:: Source data ::

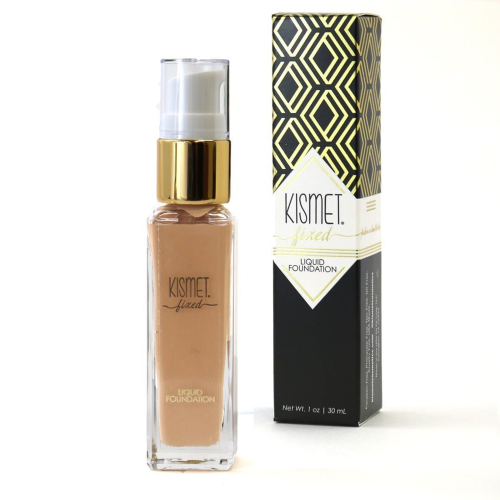 Fixed Liquid Foundation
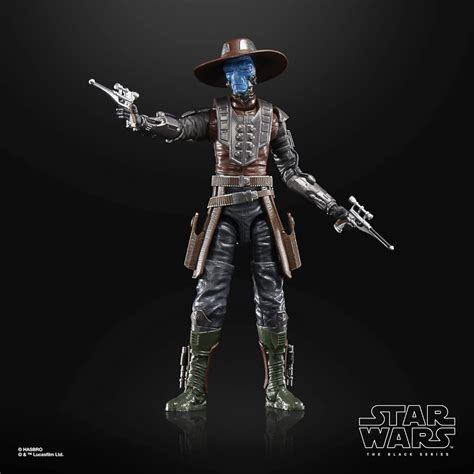 Buy Star Wars The Black Series Cad Bane (Bracca) Toy 6-Inch-Scale The ...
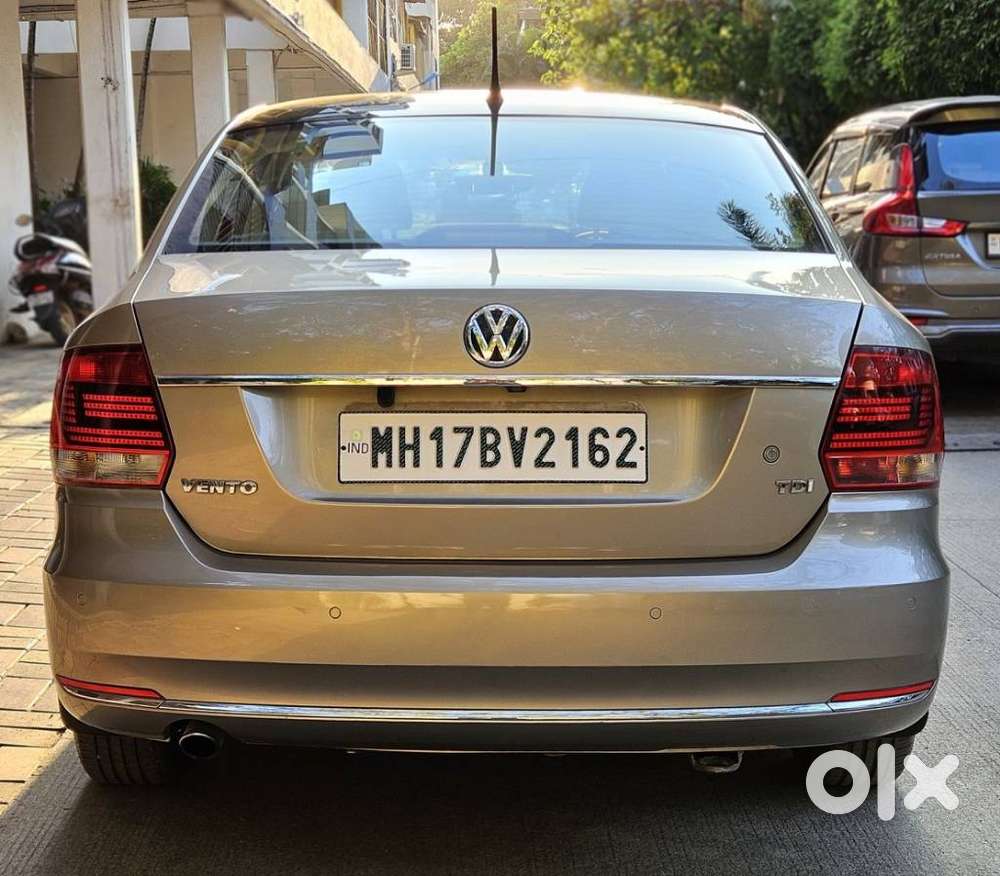 Volkswagen Vento 1.5 Tdi Highline At, 2017, Diesel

:::

_What you are asked to do_
Would you transcribe all of the data exactly, apart from its pictures?

_Task solution_
 Fixed Liquid Foundation
 Buy Star Wars The Black Series Cad Bane (Bracca) Toy 6-Inch-Scale The ...
 Volkswagen Vento 1.5 Tdi Highline At, 2017, Diesel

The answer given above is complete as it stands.